This article is part of the In Defense of the Genre series. Previously, My Chemical Romance as armour in a world full of misery and cruelty


It’s hard to believe now, but once upon a time it was quite a thing for a pop punk band to write a downbeat song about depression. Pop punk has always had a deep and abiding commitment to sincerity, but the genre’s early breakouts, especially Green Day, generally maintained a weird ironic distance from their feelings even as they exorcised them. “Basket Case” is a typical example: it’s not that it isn’t upfront about its subject matter – the sense of disorientation and purposelessness that is most definitive of Gen X alternative rock – but it’s delivered with a kind of self-deprecating, tongue-in-cheek, throwaway attitude that’s very hard to describe and very uniquely pop punk.
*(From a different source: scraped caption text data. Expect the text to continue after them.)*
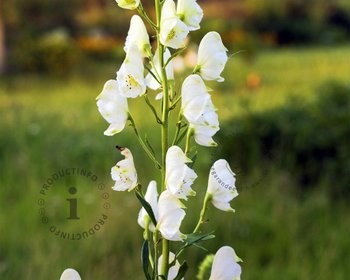 Aconitum napellus 'Album'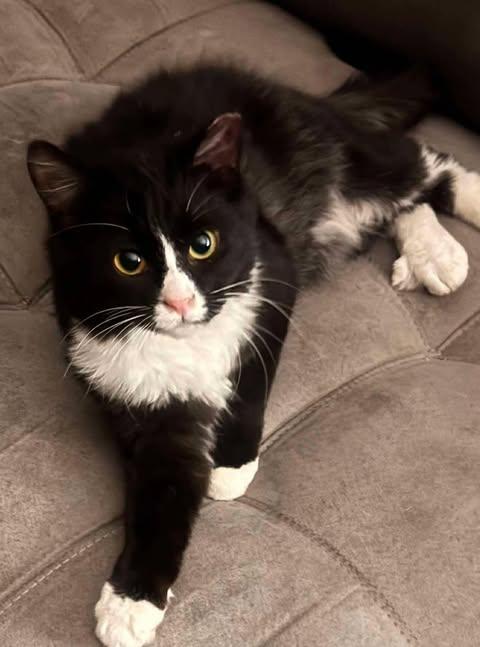 Juniper, a ADOPTABLE Domestic Short Hair in Charlotte, NC image 1/5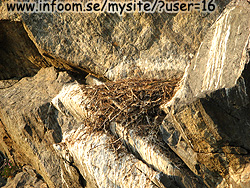 Name: falcon_nest.jpg  Width: 250px  Height: 188px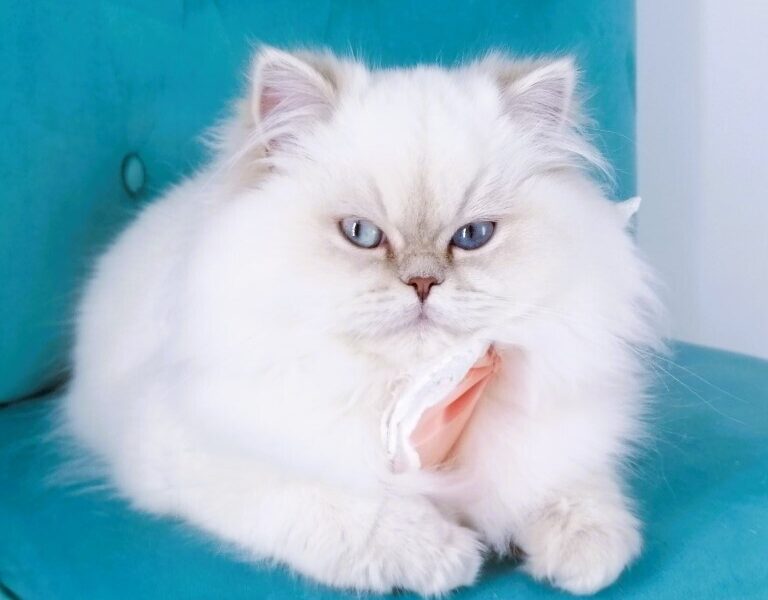 Chatonne Highland Straight pedigree Loof et label Or Chaton de France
Partially that’s a product of the inherent irony of pop punk as a genre – the tension of sad lyrics over upbeat music – and partially it’s a product of the pervasiveness of irony in Gen X pop culture at large, from Kurt Cobain deadpanning positivity slogans to the relentless cynicism of Seinfeld, which is one reason the balance shifted heavily (but never completely) towards sincerity as this early wave of pop punk bands were succeeded by bands like My Chemical Romance, Paramore and Fall Out Boy in the noughties. Though mostly not millennials themselves (MCR’s Gerard Way is only five years younger than Green Day’s Billie Joe Armstrong), their fanbases are, and these bands were at the vanguard of millennial pop culture’s reaction to the excessive and counterproductive irony of much Gen X art, a reaction that came to include Green Day themselves with American Idiot (2004).

Several successful singles from the turn of the century played a big part in that reaction: “The Middle” by Jimmy Eat World, “Perfect” by Simple Plan, and the first and most devastating shot, “Adam’s Song” by Blink-182, one of the most perfect songs ever written.